Soil is a complex medium with highly variable physical and chemical properties. It originates from weathered rocks of the Earth’s crust and undergoes continuous change. Soils contain plant debris, water, roots, small and large fauna, and minerals derived in situ or transported by runoff, dust storms, and human activity [1,2,3,4,5,6]. Several remote sensing techniques have demonstrated the ability to obtain information about soil surface composition.
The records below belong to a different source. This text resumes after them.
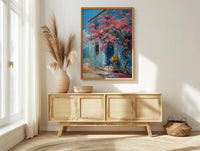 Penang Trishaw Art Print, Pink Bougainvillea Spring Decor - Living Room Decor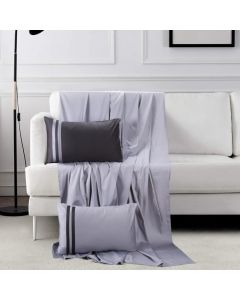 600 TC French Home Bedding - Standard Pillow Cover 45cm X 68cm (2pc) - Grey 2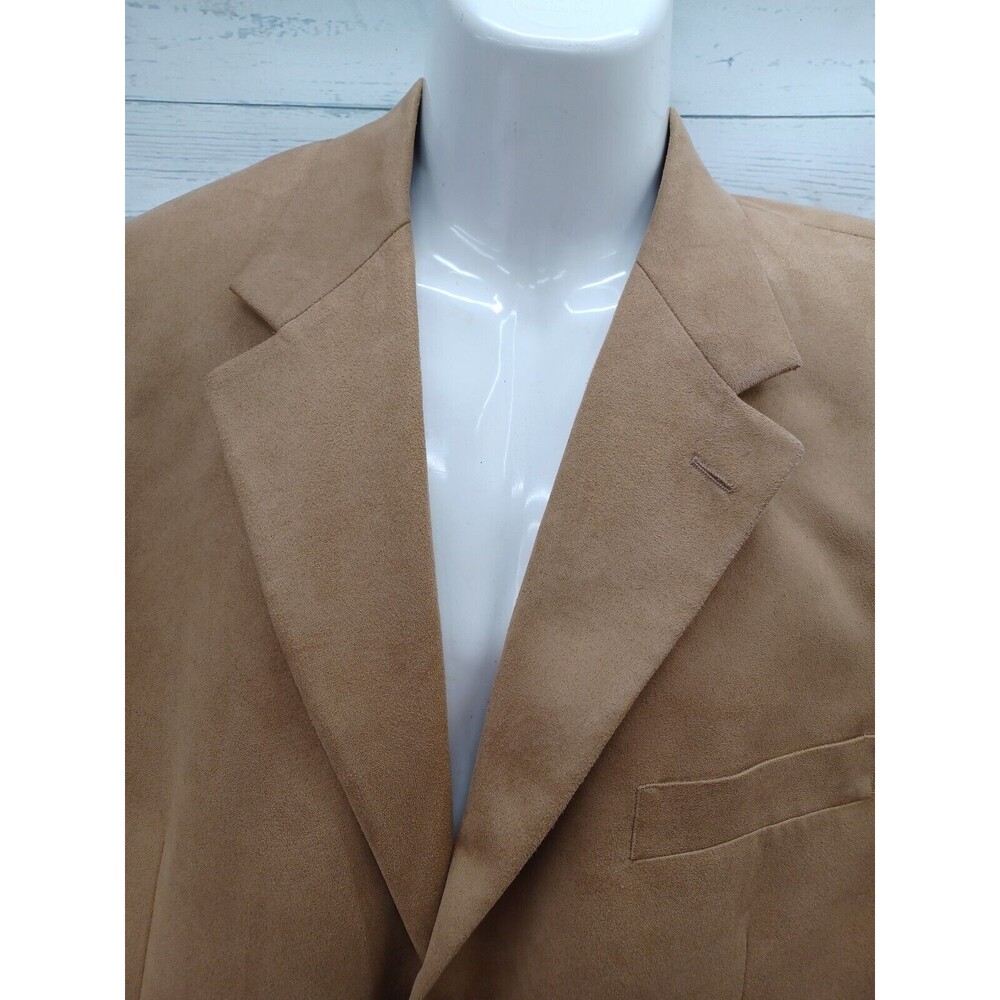 CHAPS Men's Faux Suede Blazer Jacket Sport Coat Camel Tan Ralph Lauren 42L - Picture 2 of 10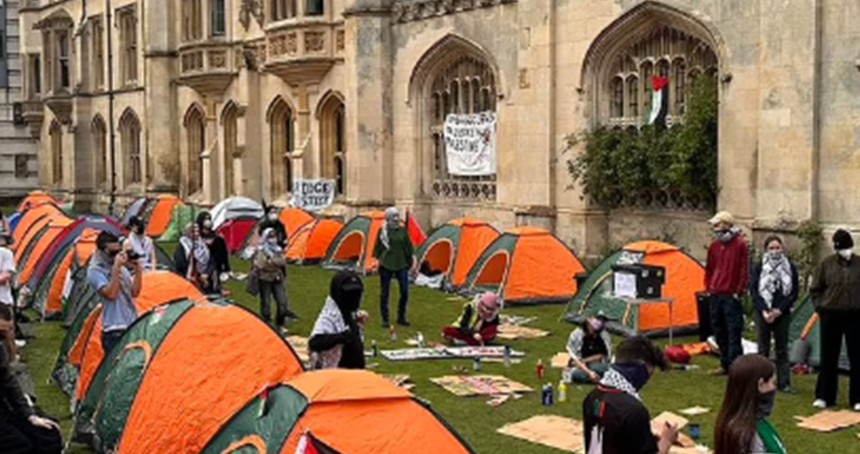 Cambridge öğrencileri, siyonist rejimle ilişkilerin kesilmesi için eylem başlattı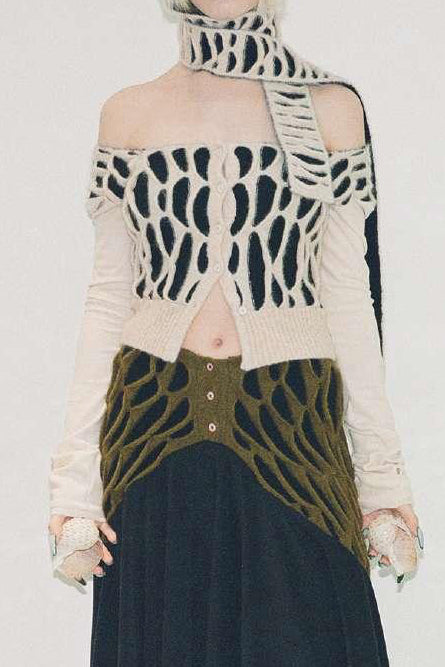 Rui Animal Print Patchwork Cardigan Raw23kn12 Off-white & Black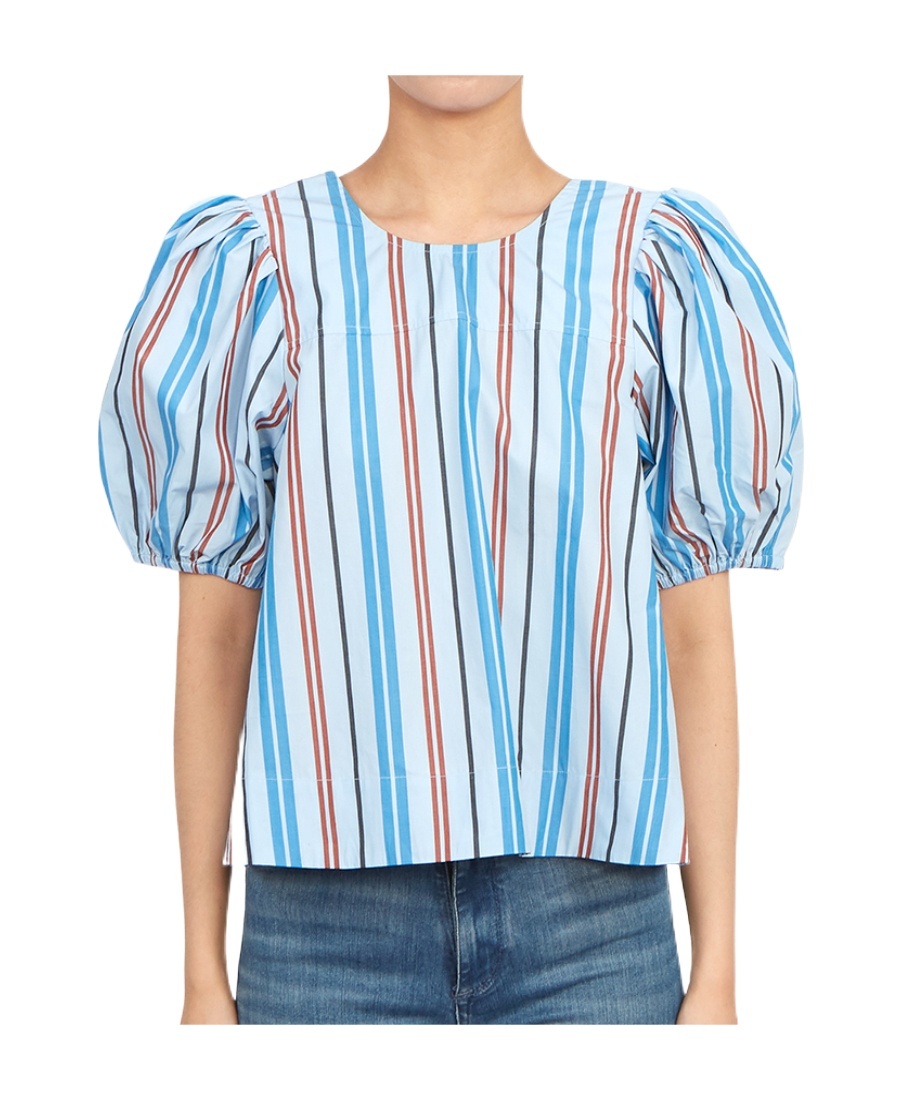 Ganni Stripe-print Organic Cotton Blouse In Blue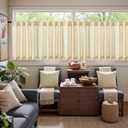 Jinchan Striped Linen Kitchen Curtains 36 Inches Tier Curtains Farmhouse Modern Cafe Style Small Window Treatments Airy Light Filtering Rod Pocket for Living Room Bathroom 2 Panels Mustard Yellow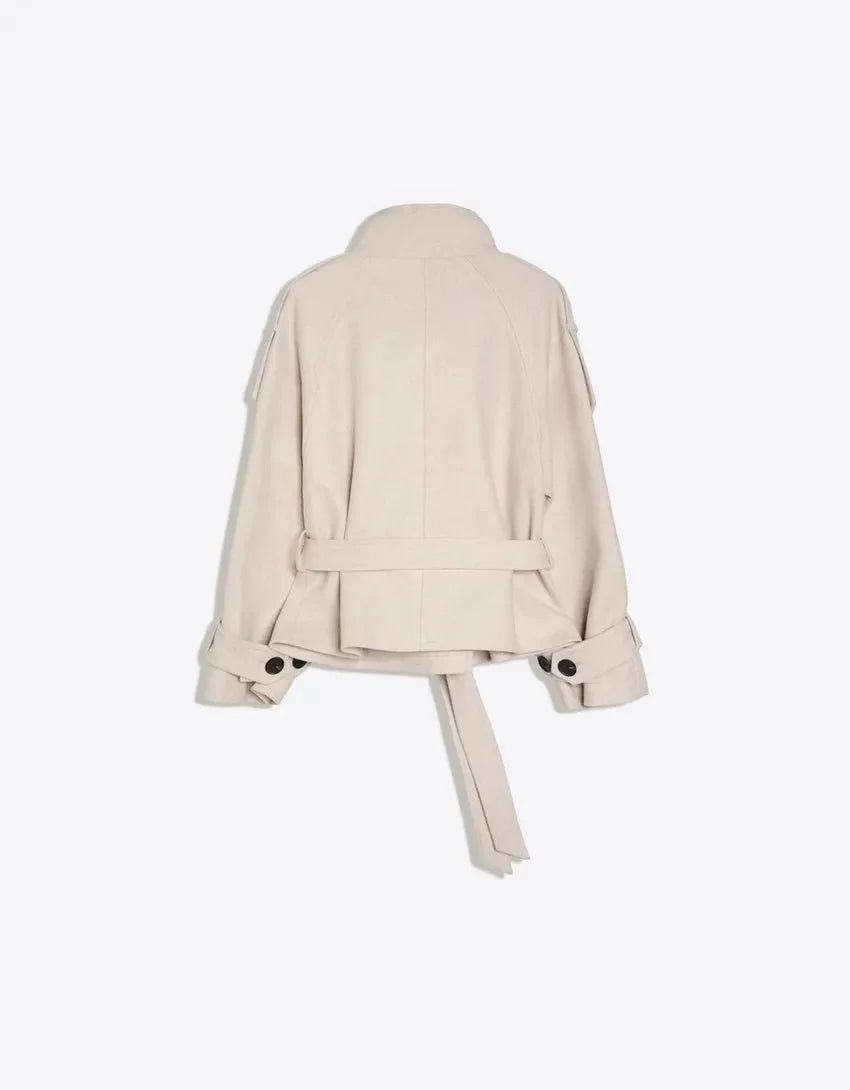 Women's Pea Coat Cotton Blend Adjustable Belt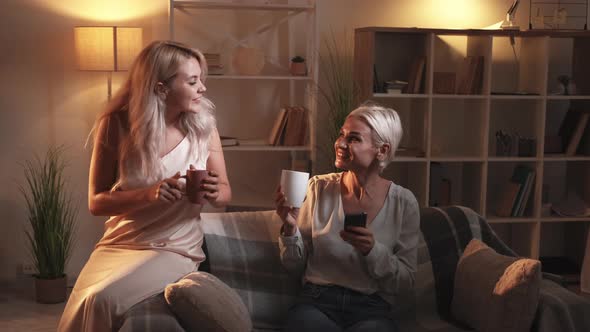 Family Evening Pleasant Meeting Enjoying Moment alt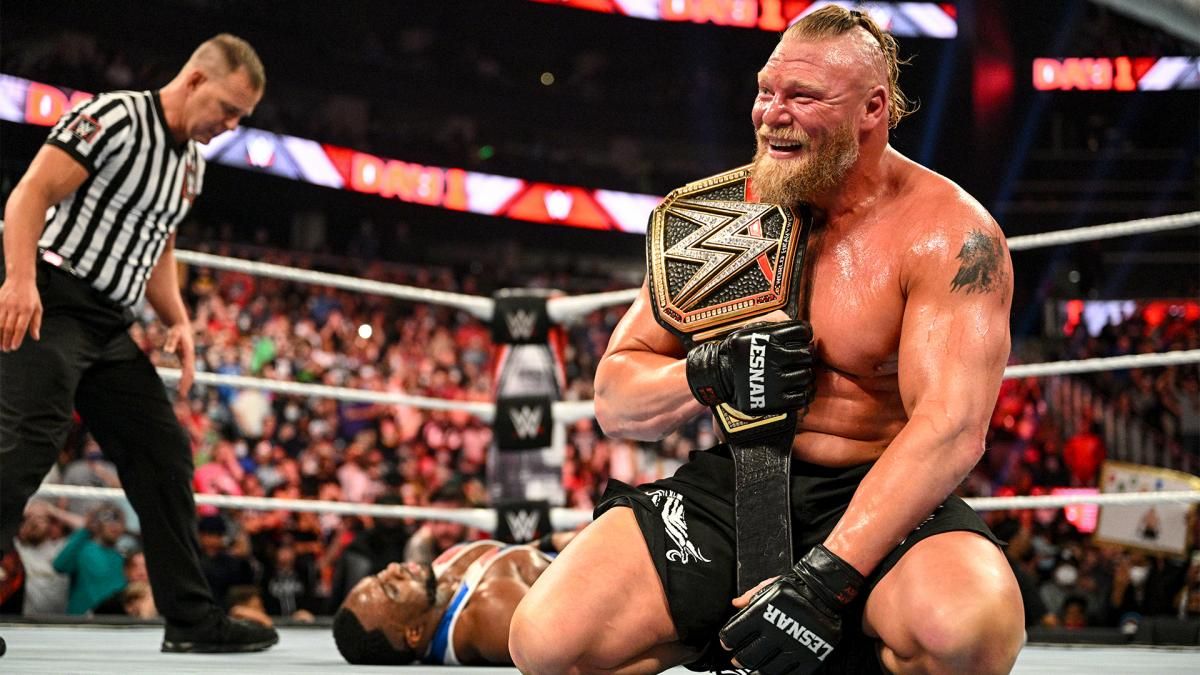 Brock Lesnar wins the WWE Championship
In particular, hyperspectral remote sensing, with high spectral resolution, in the visible and short-wavelength infrared ranges between 0.4 and 2.5 μm, has proven to be a valuable method of identifying and mapping soil characteristics, using sensors in laboratories, air-, and spacecrafts [1,2,3,4,5,6].

Recent research highlighted the additional value of the thermal infrared region, including the mid-wavelength infrared (MWIR, 3–5 μm) and long-wavelength infrared (LWIR, 8–12 μm) domains, for retrieving soil properties such as texture, carbon and nitrogen content, pH, and mineral composition when combined with statistical modeling [4,7,8,9,10,11]. In particular, Eisele et al. (2012, 2015) were able to quantitatively model Al₂O₃ and SiO₂ content based on FTIR and MIDAC laboratory spectroscopy, using a Illuminator M4401 and a Perkin & Elmer Spectrum GX [8,9]. Notesco et al. (2019) demonstrated that outdoor ground-based hyperspectral LWIR measurements, based on the Telops Hyper-Cam LW, were used to derive semi-quantitative estimates of quartz, clay minerals, and carbonates from soil emissivity spectra, with results in good agreement with XRD mineralogy [4]. Note that quantitative mineral estimates provide precise, reproducible concentrations of minerals (usually expressed in weight %, molar ratios, or absolute values) based on calibrated analytical techniques, and semi-quantitative estimates give approximate relative abundances or ranges, derived from indirect proxies, and are useful for rapid screening but not for definitive concentration calculations [12].

Despite these advances, a methodological gap remains between laboratory measurements and remote sensing observations. Conventional laboratory approaches typically rely on reflectance-based measurements with indirect emissivity estimation, while outdoor LWIR measurements are weather-dependent and logistically demanding. A standardized protocol for controlled laboratory acquisition of direct emissivity spectra using hyperspectral LWIR imaging is currently lacking. Addressing this gap is essential for producing reproducible reference spectra that are directly comparable to airborne and satellite LWIR observations.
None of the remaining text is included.